MAURICIO



Me voy a quitar la vida, eso fue lo que le dije a mi padre a mis 18 años. Un martes 13 había ocurrido lo que bien pensé no me podía ocurrir a mí, si acaso me preguntaba si era una pesadilla, que la protección que disfruté en el Puerto Bravo de Mollendo se había acabado, si en esa competencia para ingresar a la universidad, donde todos estábamos contra todos, afectado en el estómago por la presión que recibía ante el examen de ingreso, postulando a la carrera más disputada en ese entonces: Ingeniería Industrial, me hizo entender recién el discurso del dueño de la academia pre universitaria, cuando dijo que no había que tener piedad con nadie, que el compañero que teníamos sentado al lado de nuestra carpeta, era un enemigo a derrotar, a quien se debía sacar de lado como fuera, que aquí no había espacio para la solidaridad, que lo único que importaba era ingresar a la carrera a la cual postulábamos.
Al abandonar los salones de clases luego de un escarnio muy practicado en la ciudad de Arequipa, cuando se tenía que sacar del camino a quien pudiese ser un duro rival al cual derrotar, en conspiración, luego de haber sido internado dos veces consecutivamente en menos de una quincena, en una clínica particular, por padecer de una extraña enfermedad en el estómago que no supieron identificar, sentía el vivo hedor por todas partes, si acaso esto es confundido con las mariposas en el estómago que todos hemos sentido, tanto varones como mujeres, cuando nos hemos enamorado.
La verdad es que había sido señalado durante los meses en que estuve en la academia como alguien que hedía, hasta aquel martes 13 en que de pronto las risas, las burlas, las mofas por parte tanto de varones como mujeres, ante quien tenía un horario establecido de estudios y destacaba en todas las materias, no solo les causaba odio, sino humillación, esa sensación que te da cuando tienes en tu delante alguien que te supera intelectualmente y sabes, ingresará a la escuela a la cual estás postulando y, debes sacarlo de camino como sea, al precio que fuera, sin contemplación alguna.
Finalmente ingresé en uno de los primeros puestos, pero la universidad sería otra competencia donde una mañana al salir del salón de clases, volteé mi mirada para ver rostro tras rostro, por parte de aquellos muchachos universitarios que ya no se mofaban de mi mal estomacal, ahora el escarnio era el de humillarme  además como  maricón.
Yo no aguanté ello. No estaba dispuesto a terminar una carrera donde a pesar que me enfrentase a todo aquel que se burlase sin fundamento sobre mí, me calificase de algo que no era.
Lo peor era que seguía estando enfermo del estómago, algo que inmediatamente los médicos diagnosticaron como una enfermedad psicosomática. Pero el hedor permanecía, como las burlas. Estaba renunciando a ser ingeniero. Estaba perdiendo el lugar que a derecho legítimo me había ganado para ser un ingeniero, alguien que estudiaría 5 años para así de esa forma, ganarme la vida.

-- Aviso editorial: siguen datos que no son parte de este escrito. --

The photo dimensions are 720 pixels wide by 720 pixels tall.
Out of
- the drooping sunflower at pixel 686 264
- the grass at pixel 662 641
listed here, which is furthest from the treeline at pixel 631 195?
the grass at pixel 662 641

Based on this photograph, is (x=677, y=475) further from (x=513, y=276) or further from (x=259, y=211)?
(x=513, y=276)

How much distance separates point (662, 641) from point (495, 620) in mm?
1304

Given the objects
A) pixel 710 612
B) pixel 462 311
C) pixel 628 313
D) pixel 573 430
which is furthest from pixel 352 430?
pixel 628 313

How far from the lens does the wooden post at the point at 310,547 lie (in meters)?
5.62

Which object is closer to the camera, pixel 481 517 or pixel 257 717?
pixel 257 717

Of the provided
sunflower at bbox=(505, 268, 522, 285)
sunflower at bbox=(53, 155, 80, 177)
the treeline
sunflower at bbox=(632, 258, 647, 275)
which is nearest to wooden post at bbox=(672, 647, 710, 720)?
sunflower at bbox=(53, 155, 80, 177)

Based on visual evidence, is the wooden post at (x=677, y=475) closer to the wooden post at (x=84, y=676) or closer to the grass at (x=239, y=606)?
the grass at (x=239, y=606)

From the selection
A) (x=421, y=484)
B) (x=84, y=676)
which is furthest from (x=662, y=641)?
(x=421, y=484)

Quiero quitarme la vida, fue lo que le dije a mi padre, quien me había protegido hasta toda  mi adolescencia en el Puerto Bravo de Mollendo. Piensa en tu madre y tus hermanos, no pienses en mí, pero piensa en cómo lo asimilarían, no lo van a soportar, tú eres muy influyente en ellos, fue lo que apenas pudo decir mi padre. Si deseas puedes ser gay, no te vamos a juzgar ni tu madre ni tus hermanos ni yo, fue lo que me dijeron días después. Mi respuesta fue un rotundo NO.

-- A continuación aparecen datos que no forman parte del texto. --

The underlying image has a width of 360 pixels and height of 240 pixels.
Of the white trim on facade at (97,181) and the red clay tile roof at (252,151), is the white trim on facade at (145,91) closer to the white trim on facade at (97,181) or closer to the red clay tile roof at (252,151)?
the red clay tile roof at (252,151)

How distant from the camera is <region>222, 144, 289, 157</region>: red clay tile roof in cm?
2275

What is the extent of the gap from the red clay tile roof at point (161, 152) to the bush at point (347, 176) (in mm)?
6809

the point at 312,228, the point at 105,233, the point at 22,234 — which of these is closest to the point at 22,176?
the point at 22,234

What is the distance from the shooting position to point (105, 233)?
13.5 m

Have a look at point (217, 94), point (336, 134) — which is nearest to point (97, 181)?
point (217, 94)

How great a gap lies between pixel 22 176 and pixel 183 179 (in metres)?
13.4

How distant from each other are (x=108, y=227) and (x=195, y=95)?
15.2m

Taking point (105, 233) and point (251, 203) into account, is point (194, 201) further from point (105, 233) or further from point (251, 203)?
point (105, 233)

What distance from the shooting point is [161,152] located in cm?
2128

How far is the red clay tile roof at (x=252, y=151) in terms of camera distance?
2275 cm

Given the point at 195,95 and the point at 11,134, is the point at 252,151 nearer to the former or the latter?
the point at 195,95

Al entrar al consultorio, el psiquiatra volvió a recordármelo: “tus padres te aceptarán si es que quieres ser gay, te darán todo su respaldo”. ¡Carajo, que no quiero ser gay, me gustan las mujeres, ¿Qué no lo entiende?!
Me recostaron sobre una camilla mientras me roceaban un líquido viscoso por las sienes. La enfermera me dio un esponja para que la introdujera en mi boca. La vas a necesitar, me dijo finalmente. Por qué, le pregunté. Porque la vas a morder.
Tenía 18 años. El psiquiatra les había pedido también permiso a mis padres, les había dicho que el miedo que le había agarrado a la gente solo podía ser curado si se me borraba parte de mi memoria. Mis padres me habían preguntado infinidad de veces si estaba de acuerdo. Todas las veces les respondí que sí.
Me aplicaron la terapia de electrochoques.  Fue mi decisión.